No, it was mostly the fans who cared.  Some of them had been warring against the other school for the better part of a century.  Others were current students.

“It’s our biggest rival.  It’s the team you want to beat the most,” Pitt junior Ben Wachsman told the Pittsburgh Post-Gazette’s Gary Rotstein in February.  Junior Kiersten Williams agreed.  “There’s really not much difference between us, but there’s just so much tradition there, you have to hate them.”

Hatred.  That’s the ticket.  Rotstein reported that “The head of the Pittsburgh chapter of WVU’s Alumni Association, Bryan Bond, 33, said he’s felt some ‘hard shoulder bumps’ from Pitt fans when leaving Heinz Field in his WVU garb after a [football] game.”

On the other side, according to Rotstein, veteran Pitt radio play-by-play broadcaster Bill Hillgrove “recalls the first three words his daughter spoke — EAT $#!+, PITT — after listening to that jeering chant as the Panthers bus pulled up to WVU Coliseum years ago.  ‘There’s a hate factor there that I don’t think is prevalent in anything else Pitt is involved in,’ Mr. Hillgrove said before Thursday night’s game.  ‘I think people in Morgantown grow up learning to hate Pitt.’”

Of course, hating your neighbor doesn’t come naturally.  As Oscar Hammerstein II wrote in a different context in South Pacific,

You've got to be taught to hate and fear.
You've got to be taught from year to year.
It's got to be drummed in your dear little ear.
You've got to be carefully taught.

You've got to be taught before it's too late,
Before you are six or seven or eight,
To hate all the people your relatives hate.
You've got to be carefully taught!

I wonder which of WVU’s new Big 12 opponents will be designated the new target of detestation.

Meanwhile, Pitt will moving to the Atlantic Coast Conference in another year or two, and that will require the local fans to find an ACC adversary to look down upon.


2022 Update #1:

The ACC has just announced a football scheduling model whereby each team will have three primary opponents that they play every year, plus ten other conference opponents that they play home and away every four years.  Which primary adversaries have been assigned to Pitt, and how many miles are they away by car?  Virginia Tech 322, Syracuse 359, and Boston College 624.  It's time to learn to hate those Hokies.

2022 Update #2:

I've heard that a college called UCF will soon be joining the ever-widening Big 12 Conference.

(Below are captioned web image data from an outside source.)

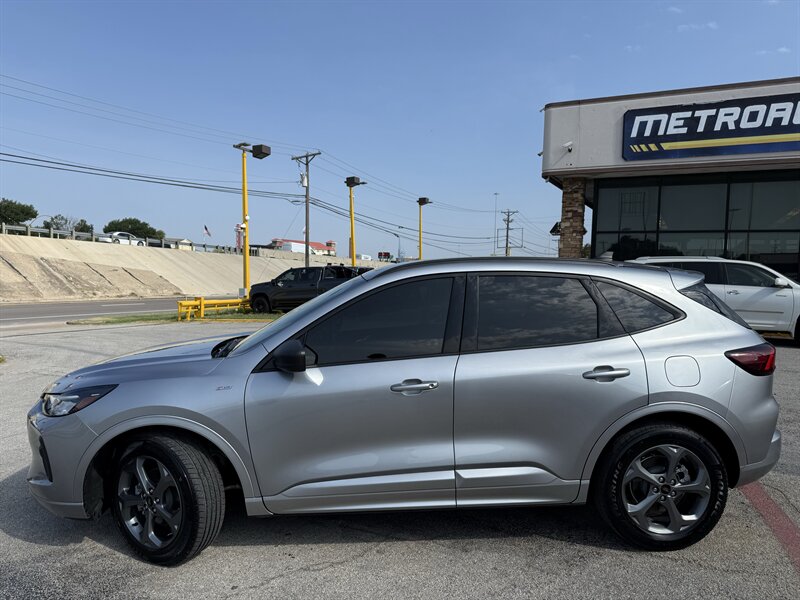 2024 Ford Escape ST-Line - Photo 9 - Arlington, TX 76011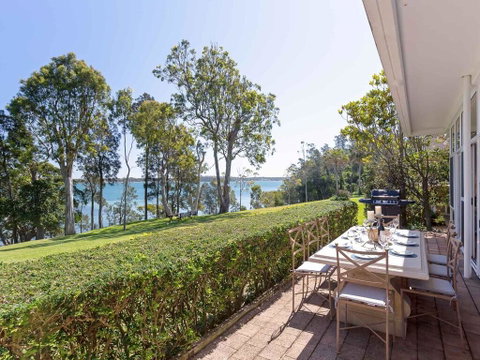'Corlette Waterfront', 2/44 Danalene Parade - Waterfront Luxury, WIFI, Aircon, Boat Parking - Accommodation Resorts 2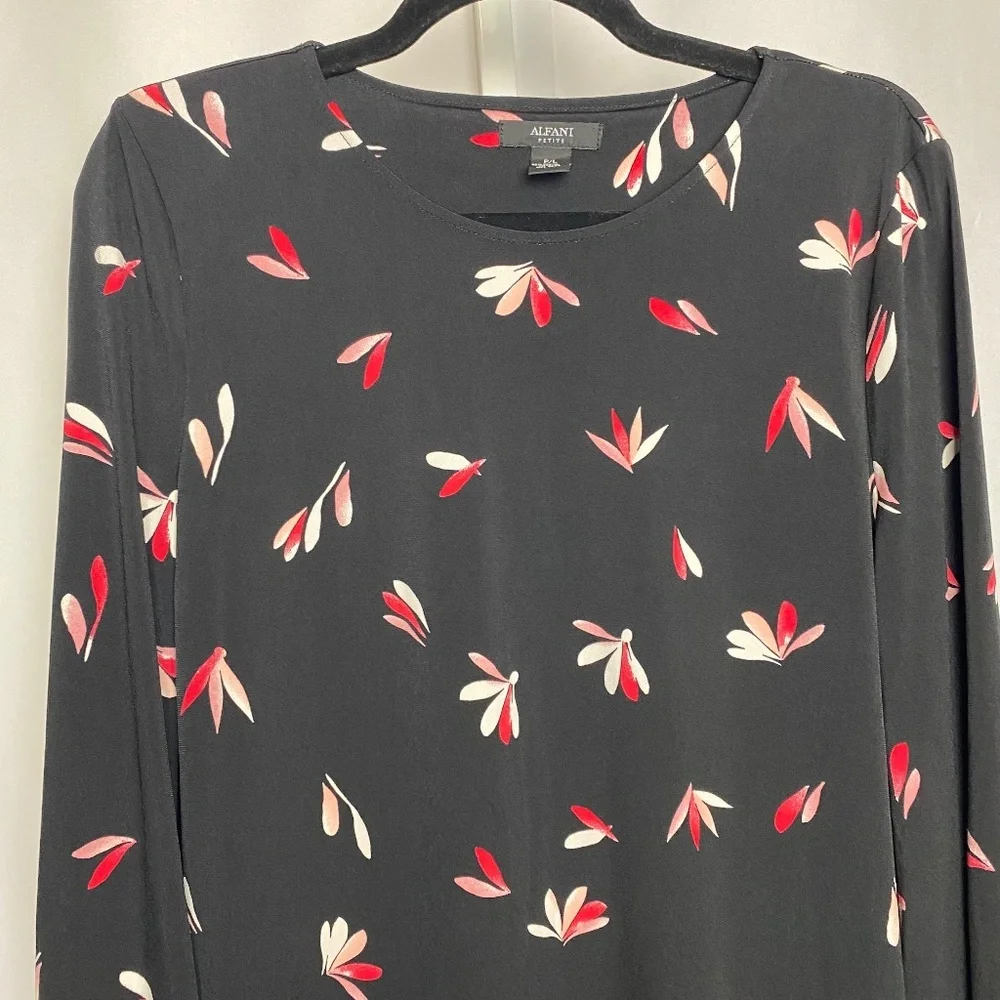 Alfani Womenʻs Black Floral Lace Trimmed Blouse Bell Sleeve Blouse PL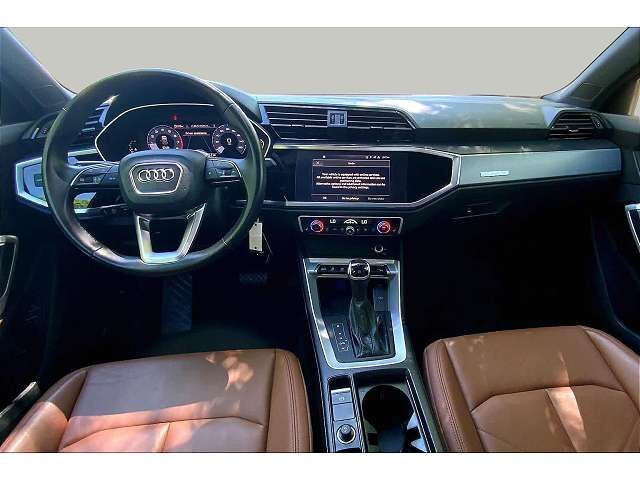 2022 Audi Q3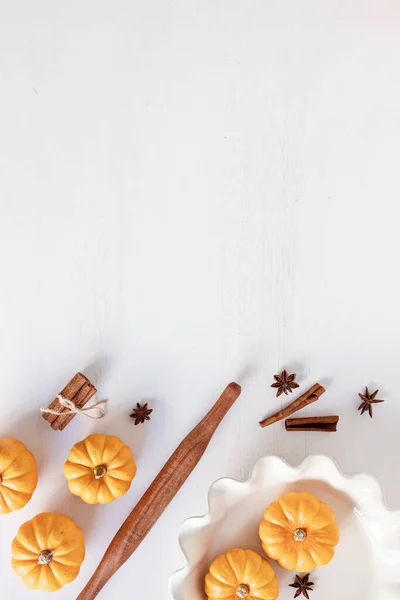 Fall Pie Baking Ingredients Pumpkins Seasonal Spices Tools Pumpkin Pie — Stock Photo, Image
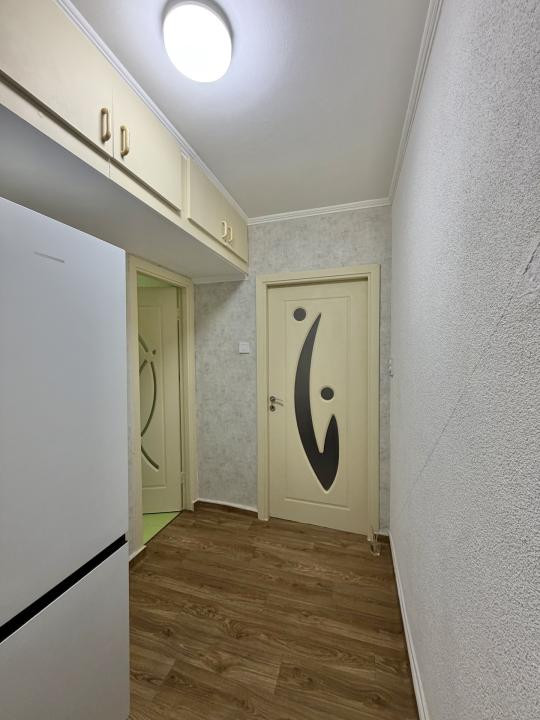Apartament 2 camere, parter, renovat, zona Girocului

But where is this newcomer located?  It's always identified by only its initials, like UCLA.  That's maddening.

So what does UCF stand for?  Some guesses:

   University of California, Fresno.

   Utah College of Forensics.

   Unitarian Campus of Fargo.

   Upper Cuyahoga Falls.

I await further information.

2022 Update #3:

And now we hear that the University of Southern California and the University of California, Los Angeles are going to be deserting the Pac-12 Conference.  They'll be joining the Big Ten, which already has 10 11 12 14 teams much further east and north.

This makes even less geographic sense.

I hope the team buses are prepared for the 2,768-mile journey from L.A. to Piscataway, New Jersey.